Electricity generation companies (GenCos) in Nigeria, have again raised an alarm over the epileptic performance of the nation’s national grid.

Section 15.3.1 of the national grid code states that the Frequency shall be maintained at 50 Hz. This means that the National Control Centre, overseen by the Transmission Company of Nigeria (TCN), would control the System Frequency within a narrow operating band of +/- 0.5 per cent (49.75 – 50.25 Hz) from 50 Hz, at least 97% of the time during Normal Conditions.

Besides, under System Stress, the Frequency Control on the Power System is expected to be exercised within the limits of 50 Hz +/- 2.5 per cent (48.75 – 51.25 Hz).

But the GenCos told The Guardian that the grid performance from 2015 till date has not met extant regulations.

Indeed, the Executive Secretary, the Association of Power Generation Companies (APGC), Joy Ogaji, said GenCos have been bearing the brunt of the challenge in addition to all other market risks.

“Frequency Deviations out of tolerable zones are not only damaging the GenCos units but are also increasing considerably the maintenance costs close to three times the normal maintenance costs. The intervals between maintenance will decrease and will need longer time for completion with a greater downtime of the generating units; needing extra investment to increase the power plant capacity,” Ogaji said.

However, TCN had said the Nigerian Grid Code Frequency Standard is 49.75Hz and 50.25Hz, while the WAPP Frequency standard is 49.80Hz and 50.20Hz.

It also noted that the National Grid achieved frequency control of between 49.80Hz and 50.20Hz for 64.47 per cent of the time and frequency control between 49.75Hz and 50.25Hz for 85.55 per cent between December 27, 2018 and January 12, 2019.

“The frequency control is the best ever achieved in the history of Nigeria and is also the best in West Africa as at today.
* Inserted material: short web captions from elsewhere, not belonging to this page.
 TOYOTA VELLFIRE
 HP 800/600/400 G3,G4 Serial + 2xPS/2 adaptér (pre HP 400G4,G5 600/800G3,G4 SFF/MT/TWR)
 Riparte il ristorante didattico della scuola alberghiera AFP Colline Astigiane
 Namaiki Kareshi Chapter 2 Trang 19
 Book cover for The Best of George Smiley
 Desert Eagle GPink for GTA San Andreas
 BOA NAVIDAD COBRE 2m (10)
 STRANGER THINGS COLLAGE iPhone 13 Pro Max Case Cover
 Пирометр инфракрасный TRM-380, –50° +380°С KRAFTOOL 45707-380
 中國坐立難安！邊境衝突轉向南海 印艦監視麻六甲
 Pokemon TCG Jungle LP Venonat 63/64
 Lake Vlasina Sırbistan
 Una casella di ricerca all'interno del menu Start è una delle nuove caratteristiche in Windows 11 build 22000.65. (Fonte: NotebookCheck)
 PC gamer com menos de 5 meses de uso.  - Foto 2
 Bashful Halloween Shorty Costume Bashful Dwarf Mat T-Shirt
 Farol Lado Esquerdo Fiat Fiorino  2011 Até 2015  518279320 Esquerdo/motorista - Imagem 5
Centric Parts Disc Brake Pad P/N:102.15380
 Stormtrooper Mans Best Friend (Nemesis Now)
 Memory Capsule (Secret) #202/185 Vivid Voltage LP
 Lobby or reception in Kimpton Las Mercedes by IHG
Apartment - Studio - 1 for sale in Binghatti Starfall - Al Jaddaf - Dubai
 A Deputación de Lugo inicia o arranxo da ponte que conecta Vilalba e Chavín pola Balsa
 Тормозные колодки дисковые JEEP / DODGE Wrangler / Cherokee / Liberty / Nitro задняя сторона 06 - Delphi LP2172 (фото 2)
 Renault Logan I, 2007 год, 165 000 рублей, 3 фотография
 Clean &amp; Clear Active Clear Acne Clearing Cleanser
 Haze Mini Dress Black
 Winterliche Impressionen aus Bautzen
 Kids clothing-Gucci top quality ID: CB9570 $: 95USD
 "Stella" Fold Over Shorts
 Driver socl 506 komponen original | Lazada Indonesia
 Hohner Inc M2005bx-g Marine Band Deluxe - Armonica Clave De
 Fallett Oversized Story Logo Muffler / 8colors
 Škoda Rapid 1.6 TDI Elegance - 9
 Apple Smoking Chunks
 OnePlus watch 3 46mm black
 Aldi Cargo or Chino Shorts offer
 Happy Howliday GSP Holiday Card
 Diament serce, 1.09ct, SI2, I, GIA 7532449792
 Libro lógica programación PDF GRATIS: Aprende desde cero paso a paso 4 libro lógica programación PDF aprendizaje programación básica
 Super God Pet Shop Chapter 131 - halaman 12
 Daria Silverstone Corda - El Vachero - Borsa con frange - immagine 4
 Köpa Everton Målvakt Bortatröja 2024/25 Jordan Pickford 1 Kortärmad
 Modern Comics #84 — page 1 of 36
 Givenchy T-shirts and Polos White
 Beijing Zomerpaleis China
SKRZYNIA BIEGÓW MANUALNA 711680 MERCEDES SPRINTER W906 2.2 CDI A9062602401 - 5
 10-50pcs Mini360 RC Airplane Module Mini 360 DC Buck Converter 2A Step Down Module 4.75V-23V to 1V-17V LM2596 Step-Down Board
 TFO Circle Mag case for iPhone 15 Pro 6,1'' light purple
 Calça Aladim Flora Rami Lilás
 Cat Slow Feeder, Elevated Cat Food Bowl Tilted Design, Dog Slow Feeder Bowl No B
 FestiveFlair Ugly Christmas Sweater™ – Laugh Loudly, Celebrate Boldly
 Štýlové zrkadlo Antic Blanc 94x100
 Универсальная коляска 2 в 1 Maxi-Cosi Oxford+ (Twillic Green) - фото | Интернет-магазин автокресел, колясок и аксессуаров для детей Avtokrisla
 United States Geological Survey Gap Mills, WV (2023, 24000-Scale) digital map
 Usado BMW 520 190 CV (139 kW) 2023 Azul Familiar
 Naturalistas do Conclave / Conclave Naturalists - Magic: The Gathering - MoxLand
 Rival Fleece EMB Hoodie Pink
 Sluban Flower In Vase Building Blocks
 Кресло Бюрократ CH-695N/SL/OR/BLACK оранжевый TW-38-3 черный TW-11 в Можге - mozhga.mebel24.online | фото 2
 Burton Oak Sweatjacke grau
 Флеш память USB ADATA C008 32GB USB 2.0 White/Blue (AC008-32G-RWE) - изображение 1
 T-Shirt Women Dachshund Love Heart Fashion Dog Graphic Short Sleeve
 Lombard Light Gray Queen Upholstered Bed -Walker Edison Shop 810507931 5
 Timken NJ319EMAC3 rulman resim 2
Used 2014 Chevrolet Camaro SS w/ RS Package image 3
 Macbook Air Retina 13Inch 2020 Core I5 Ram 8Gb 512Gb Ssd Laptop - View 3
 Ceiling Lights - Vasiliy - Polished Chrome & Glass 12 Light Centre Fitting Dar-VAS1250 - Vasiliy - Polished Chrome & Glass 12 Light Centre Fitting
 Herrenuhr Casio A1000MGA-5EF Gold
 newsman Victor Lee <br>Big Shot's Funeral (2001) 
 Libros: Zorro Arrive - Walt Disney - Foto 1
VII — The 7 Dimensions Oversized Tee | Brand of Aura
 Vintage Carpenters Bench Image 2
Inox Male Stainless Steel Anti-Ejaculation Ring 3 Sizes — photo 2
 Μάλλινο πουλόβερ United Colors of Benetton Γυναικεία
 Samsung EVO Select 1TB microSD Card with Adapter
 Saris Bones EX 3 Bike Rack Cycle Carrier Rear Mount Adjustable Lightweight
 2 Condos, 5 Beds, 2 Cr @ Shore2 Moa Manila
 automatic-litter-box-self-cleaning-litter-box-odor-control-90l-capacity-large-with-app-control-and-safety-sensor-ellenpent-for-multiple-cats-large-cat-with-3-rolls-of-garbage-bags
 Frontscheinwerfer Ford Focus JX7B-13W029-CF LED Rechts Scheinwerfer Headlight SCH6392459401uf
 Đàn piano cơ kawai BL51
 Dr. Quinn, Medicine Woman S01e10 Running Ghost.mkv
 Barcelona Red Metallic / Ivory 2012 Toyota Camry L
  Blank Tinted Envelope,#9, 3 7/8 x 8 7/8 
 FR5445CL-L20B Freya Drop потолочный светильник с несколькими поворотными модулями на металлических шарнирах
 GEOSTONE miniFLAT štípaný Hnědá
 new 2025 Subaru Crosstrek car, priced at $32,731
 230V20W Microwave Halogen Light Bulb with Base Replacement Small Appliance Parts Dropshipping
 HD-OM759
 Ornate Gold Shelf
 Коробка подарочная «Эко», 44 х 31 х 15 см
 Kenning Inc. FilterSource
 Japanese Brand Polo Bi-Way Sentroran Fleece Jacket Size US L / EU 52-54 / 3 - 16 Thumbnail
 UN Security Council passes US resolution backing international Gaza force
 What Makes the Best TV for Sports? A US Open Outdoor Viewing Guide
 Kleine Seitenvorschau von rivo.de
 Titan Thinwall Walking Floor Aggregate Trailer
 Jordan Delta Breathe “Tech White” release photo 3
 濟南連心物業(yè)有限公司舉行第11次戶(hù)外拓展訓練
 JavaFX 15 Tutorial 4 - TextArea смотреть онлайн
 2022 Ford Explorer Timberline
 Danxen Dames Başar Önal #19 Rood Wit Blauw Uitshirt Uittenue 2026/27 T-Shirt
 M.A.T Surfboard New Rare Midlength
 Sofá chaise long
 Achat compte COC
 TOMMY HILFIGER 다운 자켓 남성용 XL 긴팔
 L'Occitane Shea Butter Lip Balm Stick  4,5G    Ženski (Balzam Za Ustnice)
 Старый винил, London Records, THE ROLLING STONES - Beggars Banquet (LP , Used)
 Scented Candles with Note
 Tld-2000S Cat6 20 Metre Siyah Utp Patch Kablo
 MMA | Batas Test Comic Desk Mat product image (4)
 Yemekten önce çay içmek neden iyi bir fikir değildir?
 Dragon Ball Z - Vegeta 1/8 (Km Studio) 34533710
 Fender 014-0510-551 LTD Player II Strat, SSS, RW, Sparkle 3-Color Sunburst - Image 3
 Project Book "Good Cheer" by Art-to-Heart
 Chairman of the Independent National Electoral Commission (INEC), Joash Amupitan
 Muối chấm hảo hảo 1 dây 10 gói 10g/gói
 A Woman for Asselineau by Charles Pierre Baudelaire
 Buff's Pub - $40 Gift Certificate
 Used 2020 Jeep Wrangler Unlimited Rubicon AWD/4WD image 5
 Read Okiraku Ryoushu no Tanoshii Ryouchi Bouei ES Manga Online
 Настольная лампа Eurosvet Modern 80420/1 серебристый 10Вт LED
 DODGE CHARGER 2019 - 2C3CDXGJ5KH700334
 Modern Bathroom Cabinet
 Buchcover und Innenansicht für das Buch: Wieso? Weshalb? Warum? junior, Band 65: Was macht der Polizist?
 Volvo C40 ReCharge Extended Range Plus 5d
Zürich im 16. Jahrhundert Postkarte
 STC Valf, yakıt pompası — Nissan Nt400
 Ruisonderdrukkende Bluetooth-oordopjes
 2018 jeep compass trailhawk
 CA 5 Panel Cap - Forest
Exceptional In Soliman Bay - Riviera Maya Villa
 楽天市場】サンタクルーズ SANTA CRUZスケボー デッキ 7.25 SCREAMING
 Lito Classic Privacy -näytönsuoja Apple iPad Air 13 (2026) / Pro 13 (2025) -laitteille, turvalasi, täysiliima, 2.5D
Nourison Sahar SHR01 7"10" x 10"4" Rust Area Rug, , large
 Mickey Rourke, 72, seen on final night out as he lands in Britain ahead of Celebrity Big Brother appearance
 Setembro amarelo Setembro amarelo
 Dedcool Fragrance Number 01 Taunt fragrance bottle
The frequency control achieved from January 8-12, 2019, is the best so far by any power utility in West Africa,” a spokesperson for TCN, Ndidi Mba said.

TCN explained that subsequent collapse of the National Grid, as was the case last week, was inevitable due to extant challenges, including lack of commensurate investment by the DisCos.

Meanwhile, the Association of Nigerian Electricity Distributors (ANED), the umbrella body for distribution companies (DisCos), had last year decried the repeated system collapse, stating that TCN’s analogue system caused over 100 electricity grid collapses since the privatisation of the power sector in 2013.

Stating that transmission networks constitute the vital arteries of the entire power value chain, indicating that the industry growth is contingent to development of a robust and a non-collapsible transmission to acceptable technical limits has exposed generator units to perform beyond factory rated capability.

Ogaji said the inability of the system operator to maintain grid stability leads to huge fatigue damage and higher costs. “In addition, operation of these gas turbines far away from their baseloads implies a reduction in efficiency or in other words an increase in consumption of gas by as much as 15-20 per cent, a cost not recognised by Nigerian Bulk Electricity Trading Plc. nor captured in the Multi-Year Tariff Order (MYTO).

“All electrical appliances (thermal and hydro plants) have set conditions under which they function at optimal levels and are designed to operate optimally and efficiently at baseload.”

As a result, GenCos can no longer sustain these costs alone given the level of remittance in the market, which barely covers the operating cost, she noted/

“The only sane thing to do to save the sector from collapsing is for GenCos to adhere to Section 12.6.6 of the Grid code by allowing the generator to disconnect the Generating Unit for reasons of safety of personnel, Apparatus, and/or Plant,” Ogaji said.